Cody12, I believe you may be correct but I am sure companies won't admit it. Even the easy pull larger targets seem to break down faster. The 335 fps was a figure that sums up the avg. IBO speed of some of the racing bows out there. Our targets lasted longer when speeds were 280 fps + 6% even with 300+ crossbows.

I think a price increase and a speed decrease could help the problem. I know many would not like a speed limit but won't matter if the clubs go broke. Most are non-profit and have no other source of revenue. 
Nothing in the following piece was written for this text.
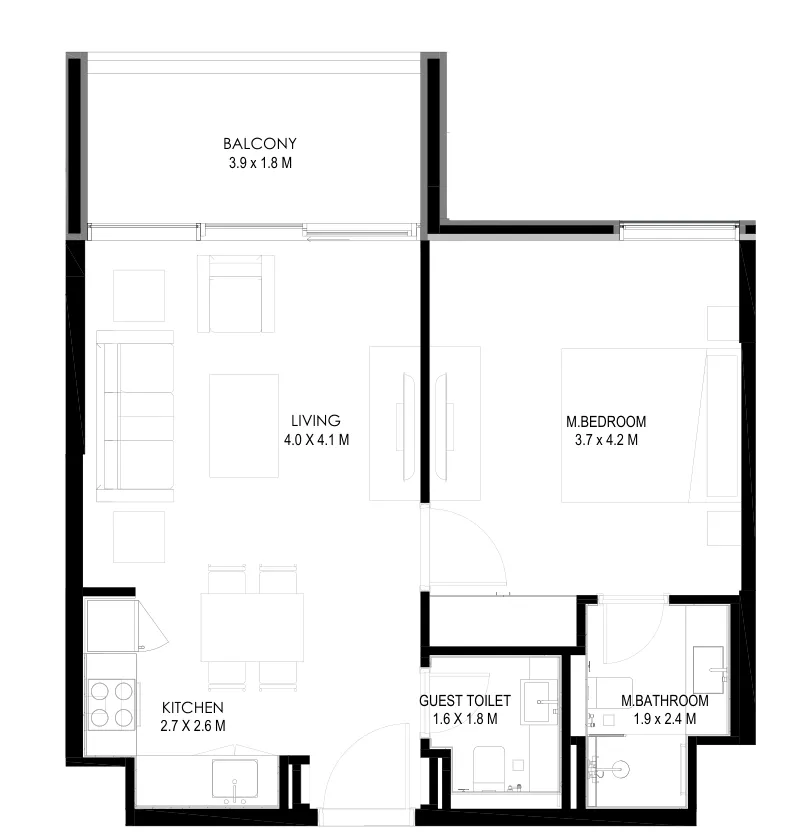 1 bedroom floor plan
As Ted stated we are also looking at draws for prizes at shoots to help with target funds.


----------



## Bow bandit (Apr 21, 2007)

I have shot them all over the past few years and I can tell you that the Rienharts are still the better targets, last year the IBO was changing inserts on the mckenzies every day on the defence range which is the 20 target practice range they have at every event. They were also changing inserts on the course during the event as well because the centre was punched out by Saturday afternoon on any target that was even close to 30 yards. 

As far as damage is concerned that is mostly due to more acurate equipment and archers, I can remember when 360 would win at a tournament counting 12 rings and now you typically need 405 or better with the 11 ring. Decreasing speed won't change the damage much on the course due to the fact that the bows are just more efficient now so if you slow me down I am only going to shoot a heavier, fatter arrow and my KE will go through the roof and probably do more damage. I shoot 70 lb bows for hunting and 3D, my 500 gr gold tips that regular diameter on my hunting rig will pop the tip out the back of a brand new Rienhart at 20 yards at 295 fps but my 362 grain x cutters going 336 fps on the target rig take quite a few shots to do that. 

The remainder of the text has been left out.